My insides are very not calm. I feel like I am in a constant state of stress. I am feeling lost. I am feeling torn. I am feeling like I just don’t know what to do with myself.
Thank God, my brother and sister-in-law gave birth to a healthy baby boy yesterday. I am very happy to be an auntie. I’m very excited for them. It is going to be exciting and new to have a baby in the family; for my brother to become a father; for my parents to become grandparents. But this news also tore at my heart. I want to have a baby. I want to be married. I should be the one with a kid. Instead of being the one that doesn’t have a job, doesn’t have a house, doesn’t have a significant other – basically has nothing at this point. I worry that I will not ever have this, and so I am pained. I am excited about going to visit them next week, and I hope that they will never know the pain that this is causing me.

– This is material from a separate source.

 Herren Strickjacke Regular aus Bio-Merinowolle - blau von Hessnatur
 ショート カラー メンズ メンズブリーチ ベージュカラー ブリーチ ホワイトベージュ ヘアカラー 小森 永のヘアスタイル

I am thankful to have parents that love and care for me. I meet so many people who don’t have that. But at the same time, having them take care of me over the past few weeks has been one of the most difficult times I have faced. My heart sinks every time I need to go home. I feel like I am back to being in high school, where I need my parents to take me places; where my parents know my friends and what I am doing with myself every single day. I try (or am trying) to have it not bring me down- but staying with them just makes me feel like a failure and a loser. But again, I should be happy. I have a place to stay for free; food to eat; and even a ride to everywhere I need…yet this all fills me with sadness.
I am thankful to have the opportunity right now to choose again where in the world I want to live. The entire world is open at this point. It is quite amazing. But it is also awful. I feel unsettled, and in my unsettled state I am finding it hard to figure out where I should try to go next. Every place has its benefits. I really have no idea where I should be going next. I want to be with my friends, which would mean to go back to Israel- but I don’t think that is possible. So then where to? I applied for CPE residency for next year, and I now have an interview. If I get it and take it, I would be staying in NY for another year, at least. I want to have a reason to be settled, but at the same time I recognize that settling down means I lose part of my ability to just move and explore this very big world.
I think back to only a month ago, when I was in Australia. My back was not in knots. I was mostly happy (yes, I was lonely at times – which could be a problem for moving back). I enjoyed what I was doing. I liked the people I was spending most of my time with. There was something calming about the city (very much not like NYC , especially the traffic coming in).
As the New Year is coming (again) I hope that things will settle, and once again I will be able to feel a sense of calm and happiness.